WORK TO COMPLETE:
For this exercise, return exactly the lines of the material below that begin at the one with "Hero 60 Max – UP TO 20GB RAM + 128GB ROM" and stop after the one with "Vigor 1/2in Drive".

DATA:
%%
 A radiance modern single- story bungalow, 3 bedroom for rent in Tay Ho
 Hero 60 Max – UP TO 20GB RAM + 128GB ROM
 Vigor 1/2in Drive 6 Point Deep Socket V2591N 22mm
%%
%%
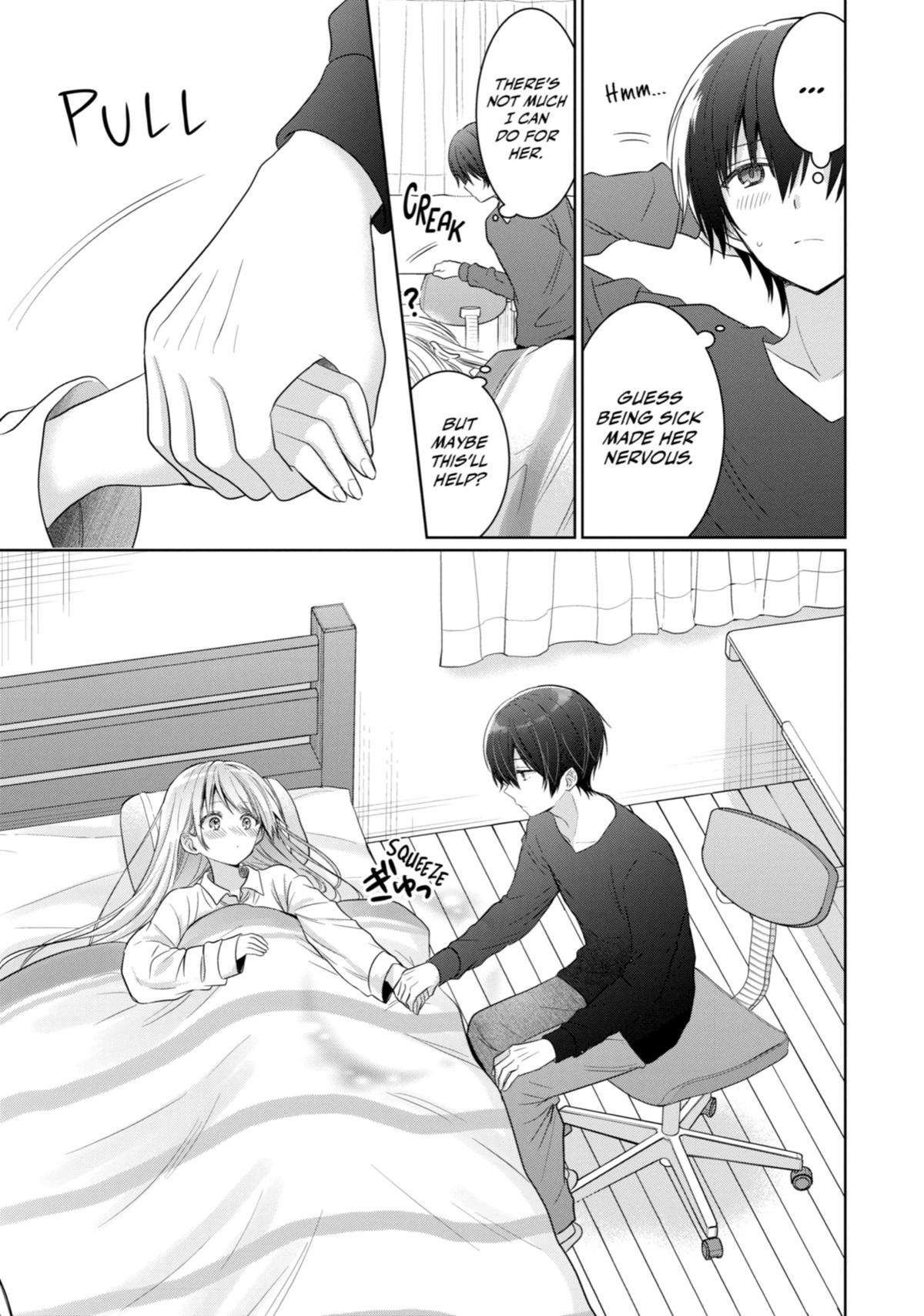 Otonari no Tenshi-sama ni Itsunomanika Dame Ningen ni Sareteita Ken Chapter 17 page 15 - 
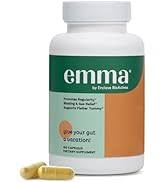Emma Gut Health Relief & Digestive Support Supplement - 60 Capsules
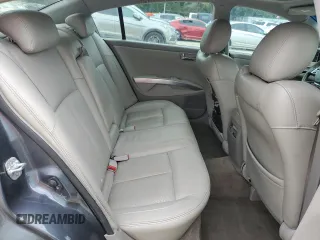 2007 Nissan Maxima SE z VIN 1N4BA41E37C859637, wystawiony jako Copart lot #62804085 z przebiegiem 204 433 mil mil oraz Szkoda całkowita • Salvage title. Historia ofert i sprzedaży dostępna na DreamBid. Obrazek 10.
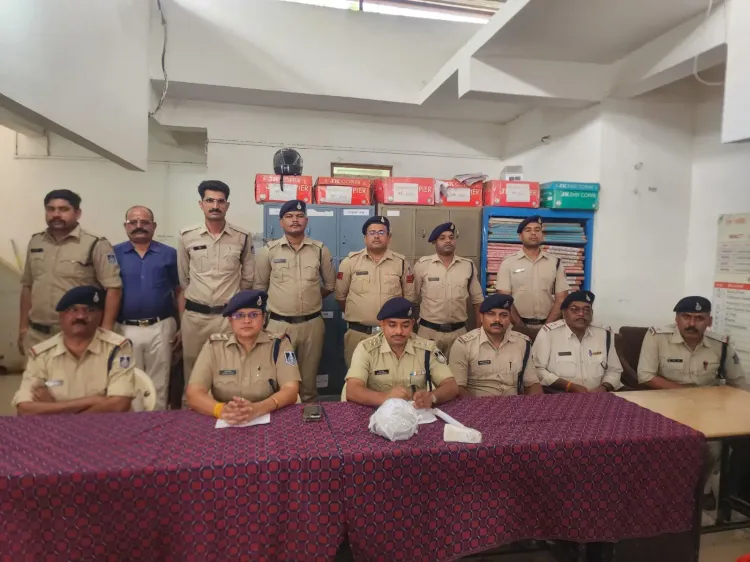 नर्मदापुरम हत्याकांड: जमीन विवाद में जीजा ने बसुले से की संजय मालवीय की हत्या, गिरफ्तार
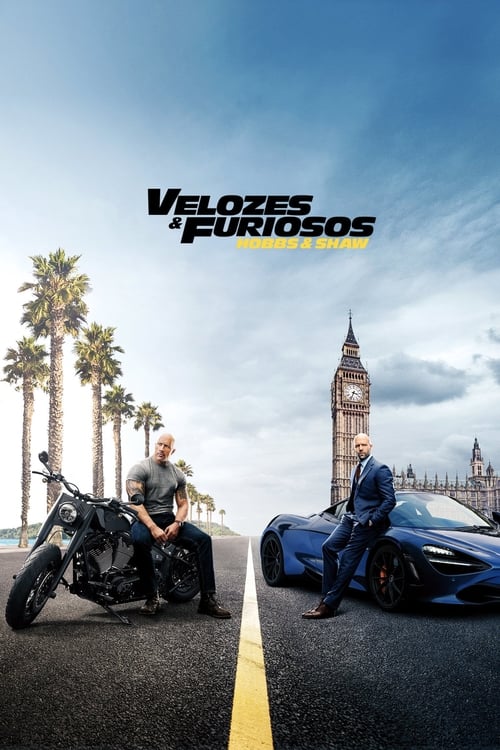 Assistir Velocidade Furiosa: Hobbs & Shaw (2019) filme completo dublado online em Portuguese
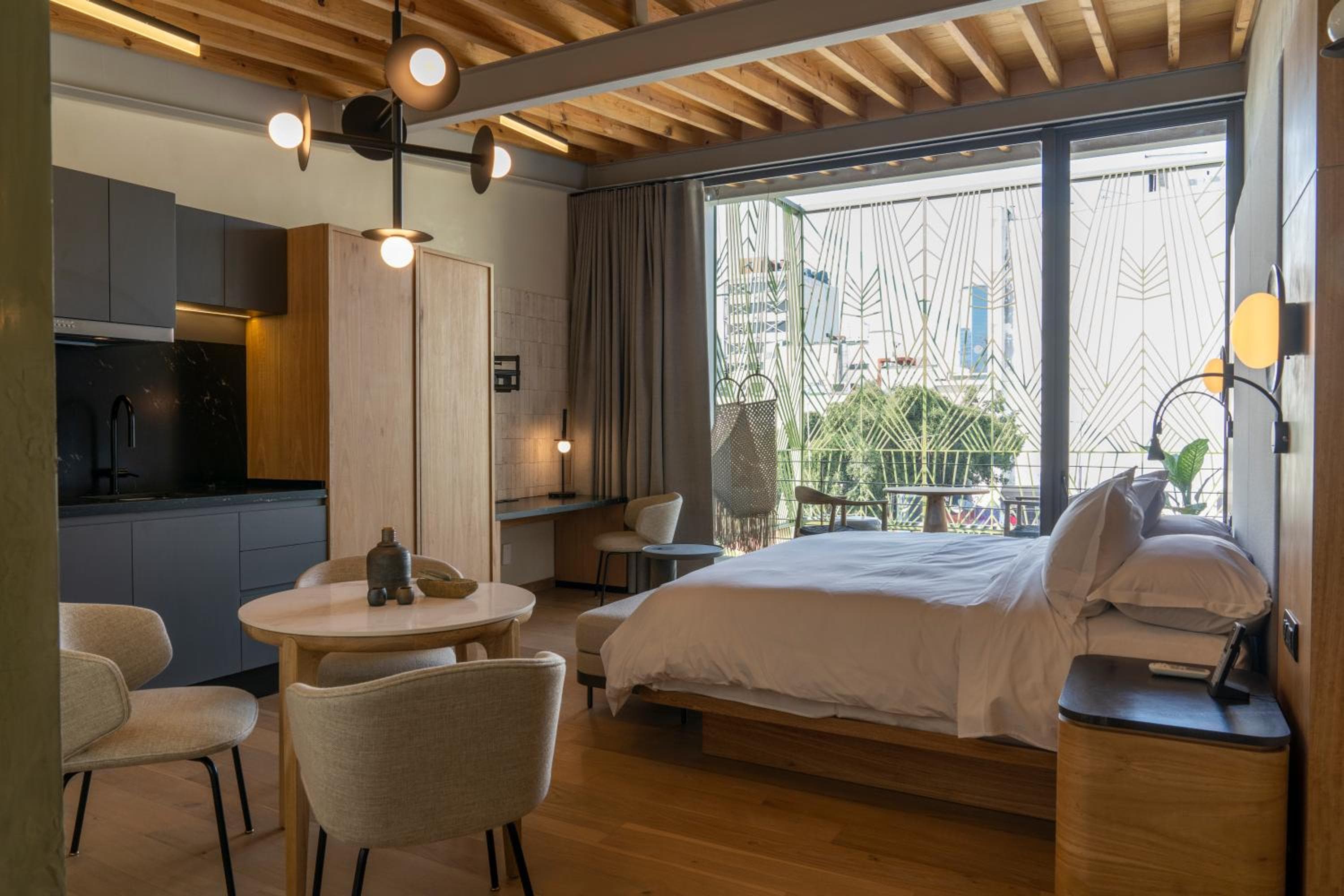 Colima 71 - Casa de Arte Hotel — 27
%%
OUTPUT FOR THIS TASK:
 Hero 60 Max – UP TO 20GB RAM + 128GB ROM
 Vigor 1/2in Drive 6 Point Deep Socket V2591N 22mm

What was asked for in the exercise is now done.